#### [Records supplied]

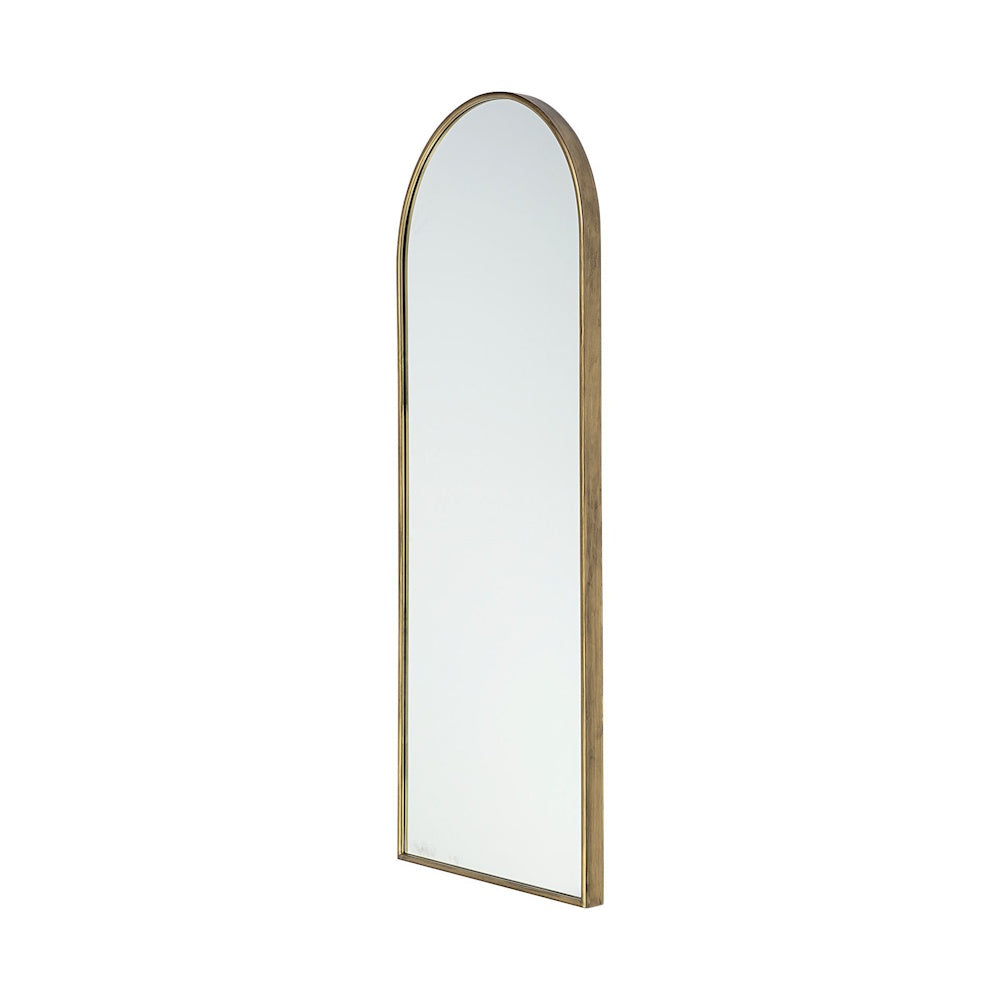 Side-angle view of a full-length arched mirror with a gold metal frame on a white background.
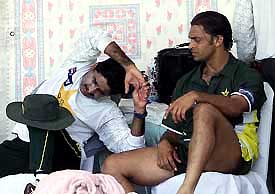 Pakistan's fast bowler Shoaib Akhtar and coach Javed Miandad take a break during a practice session at National Stadium in Karachi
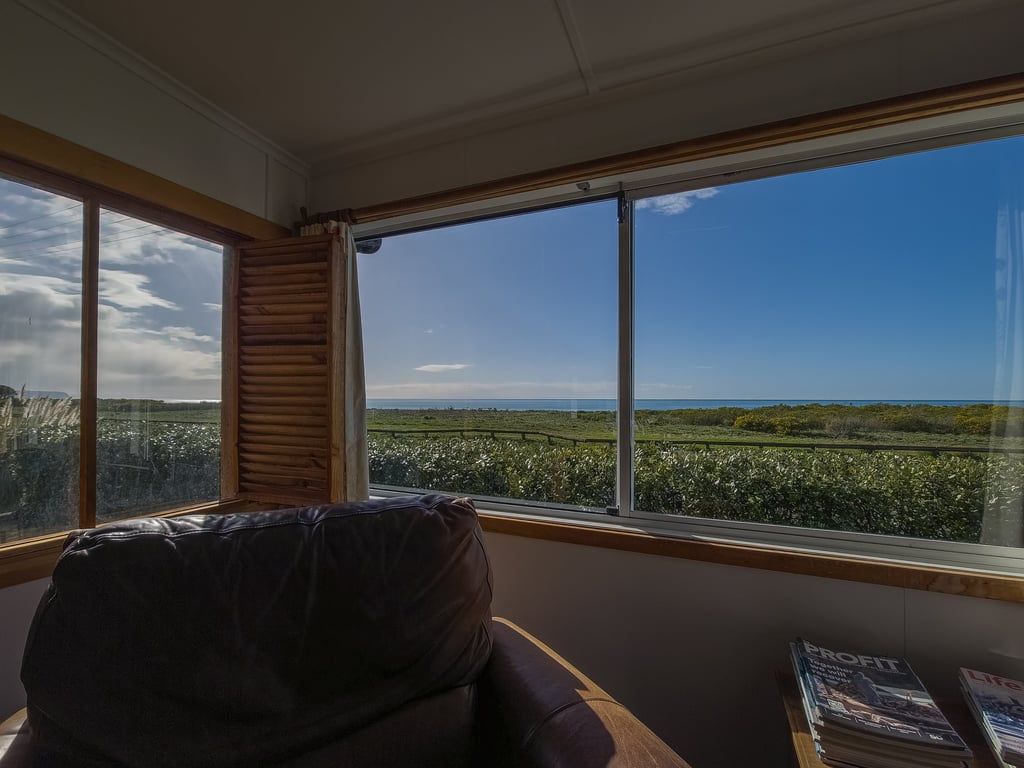 A room with a large window, a leather chair, and a table with magazines.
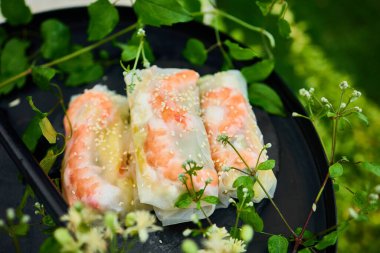 Sebze ve karidesle dolu renkli börekler koyu, yuvarlak bir tepside dizilir. Yemyeşil bitkiler ve narin çiçekler tabağın etrafını sararak canlı bir atmosfer yaratıyor..
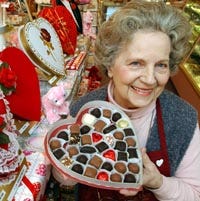 Jane Gauthier, a nine-year employee at Ghelfi's Candies, tempts Valentine's Day customers at Mashpee Commons with a heart-shaped box of hand-dipped chocolates.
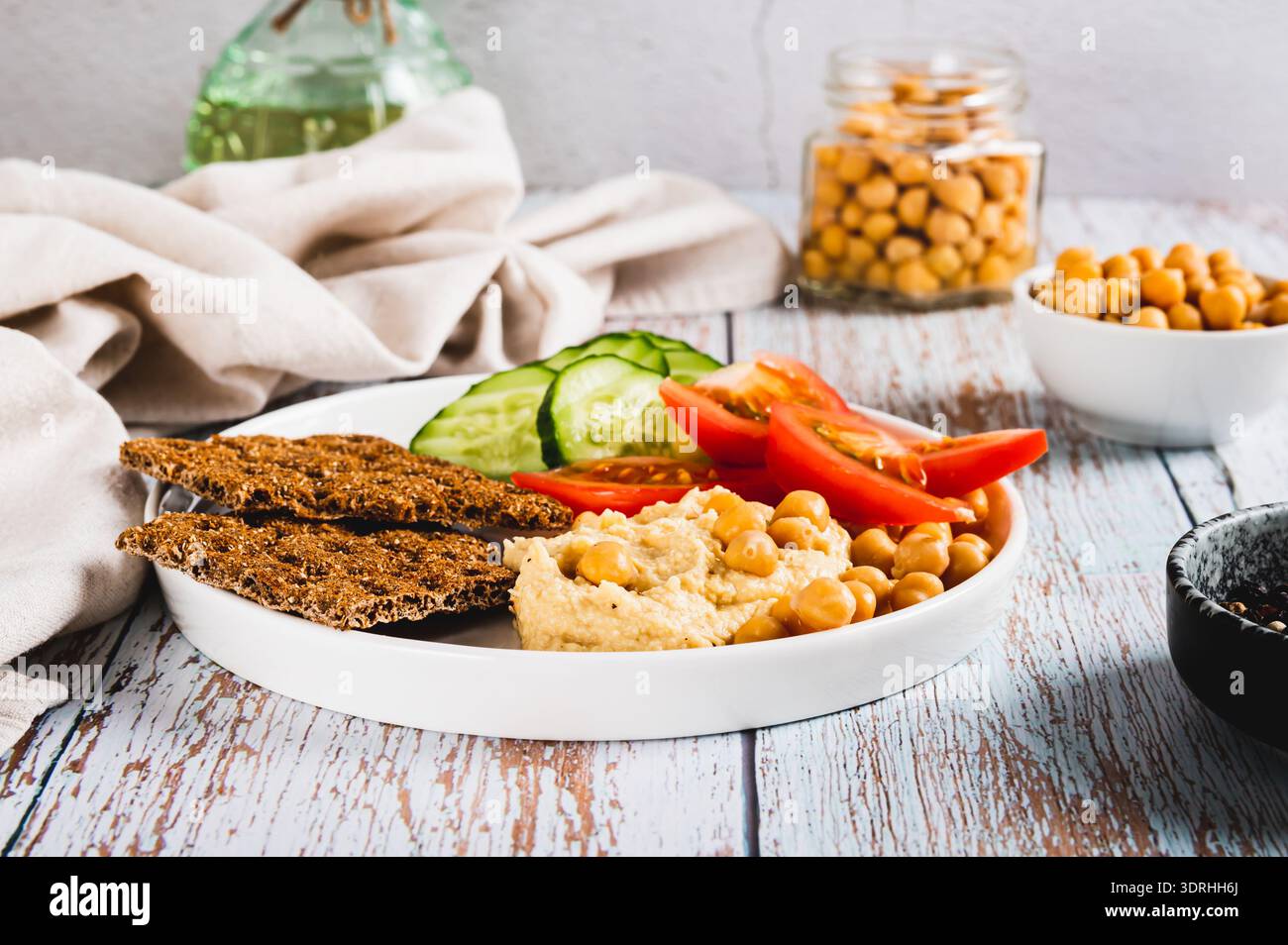 Hummus, ceci, pomodoro, cetriolo, cracker di grano su un piatto sul tavolo Foto Stock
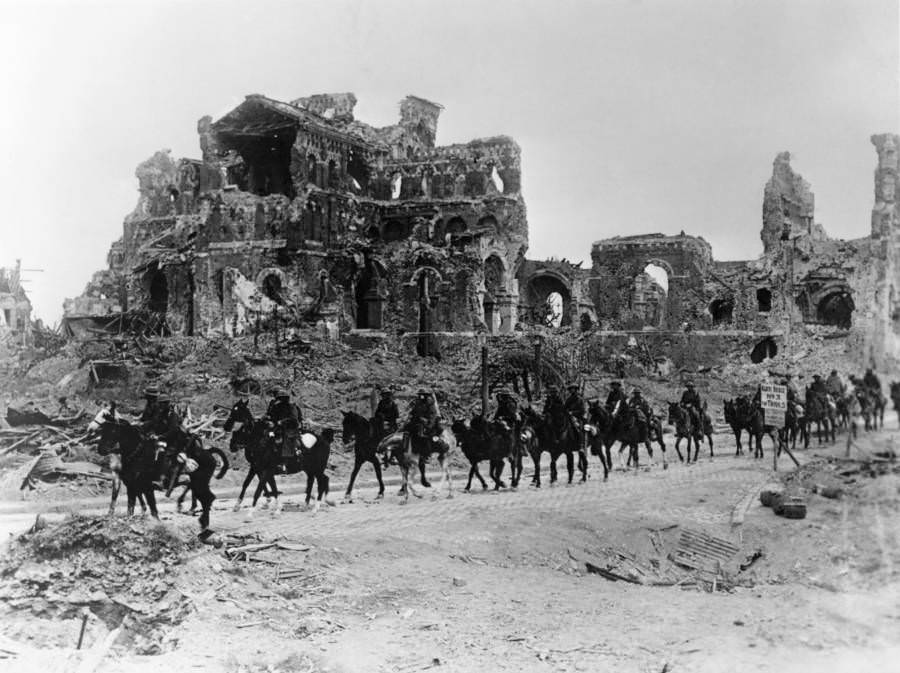 A troop of British cavalry pass the remains of the Albert Cathedral during the second Battle of the Somme.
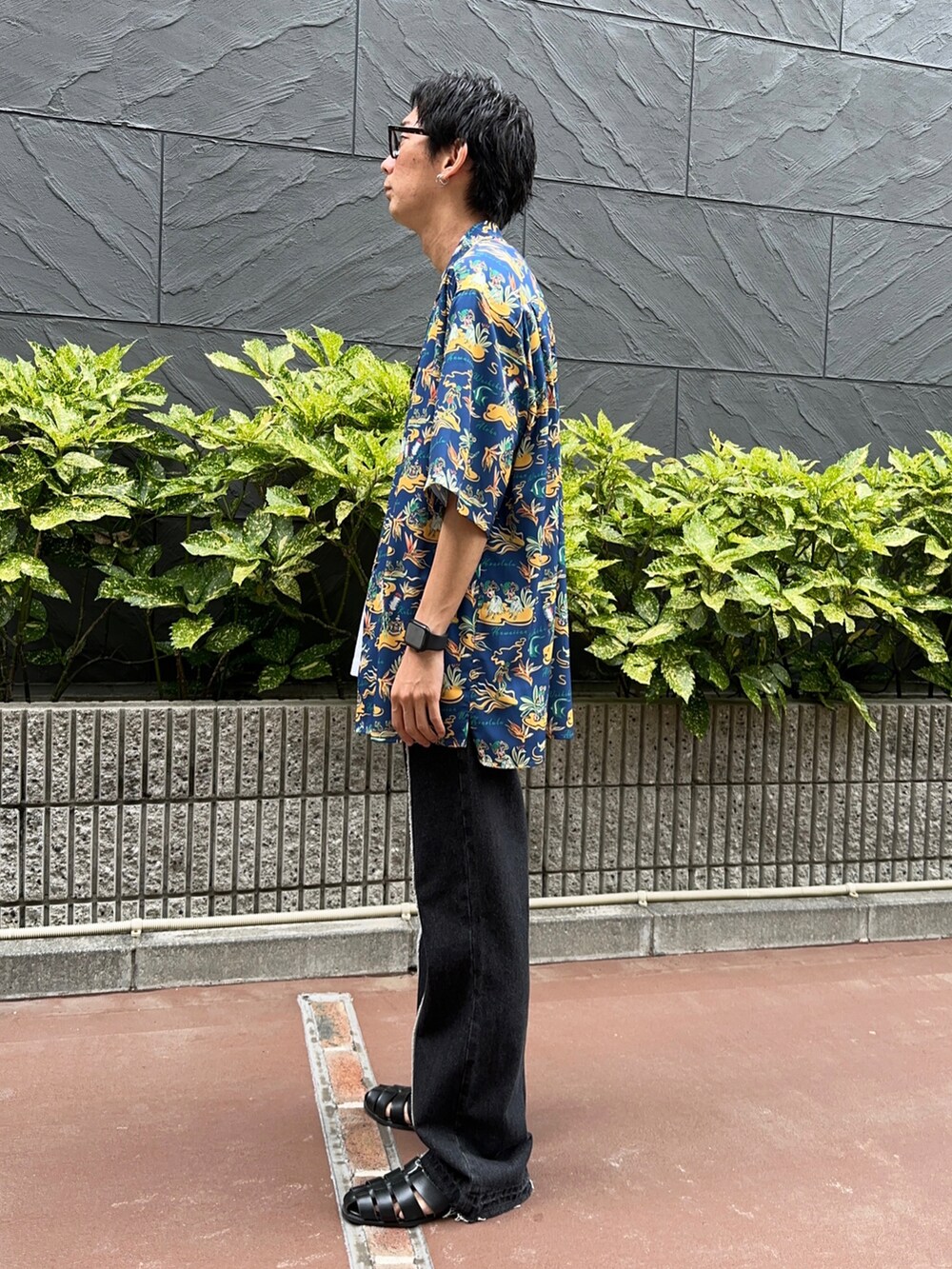 ブラック系のサンダル、ホワイト系のタンクトップ、ブラック系のデニムパンツを着用したメンズの夏コーディネートの2枚目の写真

#### [Exercise instructions]
Going by the entries above, repeat exactly the lines that start at the line with "Sebze ve karidesle" and go on through the line with "Hummus, ceci, pomodoro, cetriolo, cracker". Pictures are not part of the copy.

#### [Answer for this exercise]
 Sebze ve karidesle dolu renkli börekler koyu, yuvarlak bir tepside dizilir. Yemyeşil bitkiler ve narin çiçekler tabağın etrafını sararak canlı bir atmosfer yaratıyor..
 Jane Gauthier, a nine-year employee at Ghelfi's Candies, tempts Valentine's Day customers at Mashpee Commons with a heart-shaped box of hand-dipped chocolates.
 Hummus, ceci, pomodoro, cetriolo, cracker di grano su un piatto sul tavolo Foto Stock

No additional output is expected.